Ultimately, the lone automaker to step up was Hyundai, which fielded a fleet of advanced Santa Fe electric vehicles featuring an 80 horsepower (60 kW) electric motor powered by a nickel-metal-hydride (NiMH) battery pack. The electrically motivated SUV can be driven about 100 miles between charges, which are handled by a 6.6 kW on-board charger or an off-board rapid charger that connects to a 25 kW-capable charging inlet behind the vehicle’s standard fuel filler door. Beneath the hood is a motor control box with a DC/DC converter, charger, and motor controller.



We had the opportunity to put this vehicle to the test, both on the roads of Oahu and at the end of a charging connection at one of the public 60 kW PosiCharge units scattered around the island. Behind the wheel, the electric Santa Fe performed well and transported us amid palm tree-lined streets confidently and comfortably. While acceleration specs are somewhat sedate for an SUV with a 0-60 mph time of about 19 seconds, daily driving needs are well accommodated and we didn’t consider this an issue.

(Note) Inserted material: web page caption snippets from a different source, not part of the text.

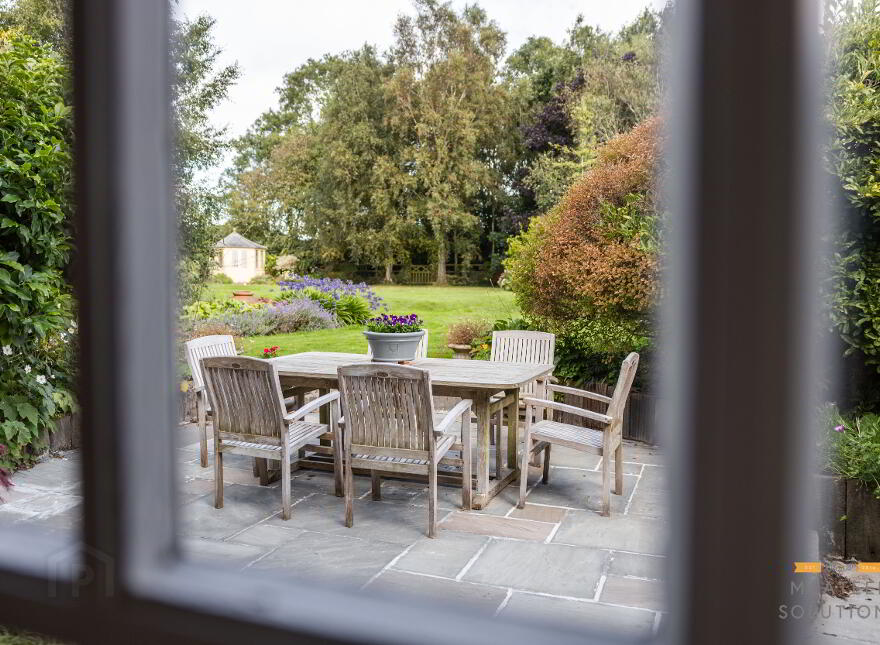 Ballyronan House, 133 Shore Road Ballyronan, Magherafelt, BT45 6JA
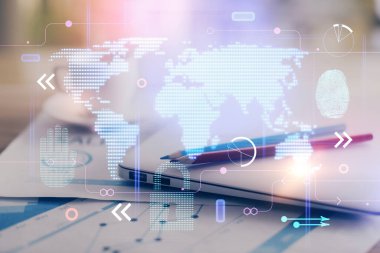 Bilgisayar ve dünya haritası hologramıyla masaüstü çifte pozlama. Uluslararası veri ağı kavramı.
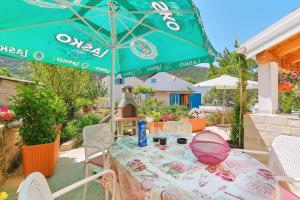 House Anka Peaceful Holiday Home with Private Parking on Losinj Island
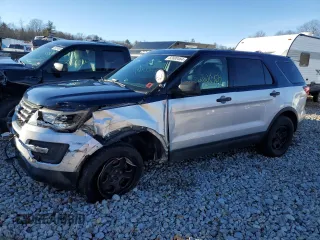 2018 Ford Police Interceptor Utility z VIN 1FM5K8AT6JGB68480, wystawiony jako Copart lot #82800464 z przebiegiem 109 893 mil mil oraz Szkody całkowita. Historia ofert i sprzedaży dostępna na DreamBid. Obrazek 1.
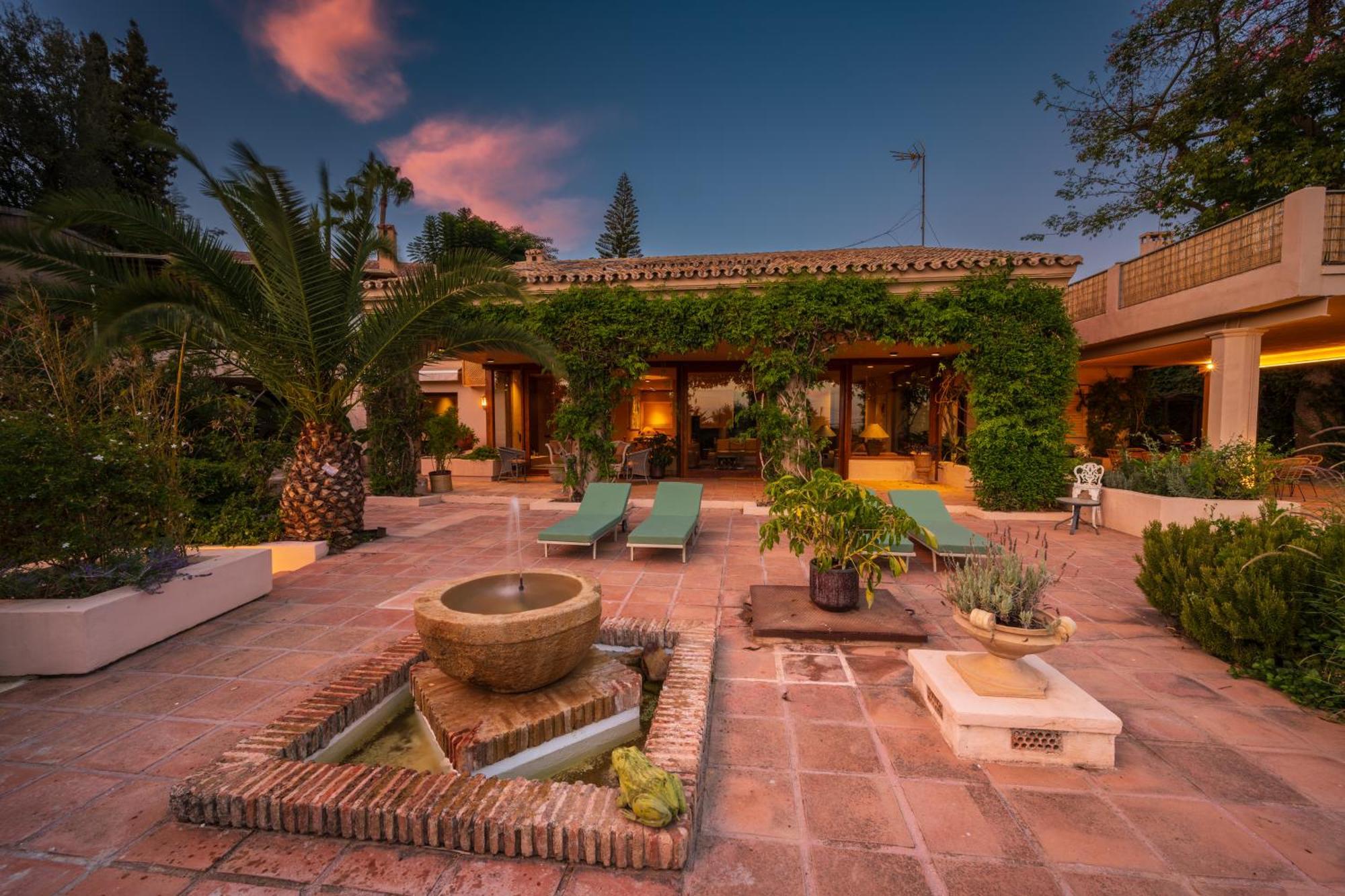 Character Filled With Mature Garden Holiday home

Our real surprise occurred while charging. Even though Hyundai’s fast-charge requirements call for a less powerful – and somewhat slower – rapid charge experience for the vehicle’s NiMH batteries due to temperature constraints, a full charging session took about 30 minutes start-to-finish. That’s longer than the 10-15 minute rapid charge available at full power, which lead-acid battery EVs often take advantage of on Oahu, but worlds apart from the six hour overnight charging regimen we followed during our year-long test of a GM EV1.

Along with Hyundai, electric vehicle drivetrain firm Enova Systems has also been involved in the demonstration program by upfitting cars, pickups, and shuttle buses to electric drive on the island. The Hawaiian Electric Company, which was contracted to install most of the rapid chargers, has also been a strong participant and viewed the program as an opportunity to grow its EV fleet.

An interesting thing occurred once the charging network was established. The rapid chargers virtually doubled the usefulness of the electric vehicles operating in various fleets due to less down time. Prior to rapid charging, operators would use their EVs during the morning hours and then plug them in for the rest of the day using their on-board chargers. This quickly changed for the better with rapid chargers allowing drivers to charge their trucks while eating lunch and then head off with a full charge for an afternoon’s activities.

With an initial two years of rapid testing completed and an extension through 2005 now in place from Hyundai and the State of Hawaii’s High Technology Development Corporation, Oahu’s very successful rapid-charge demonstration continues. Hopefully, other automakers will recognize the value of this program and join in to further explore the viability of battery electric vehicles in a rapid charge environment.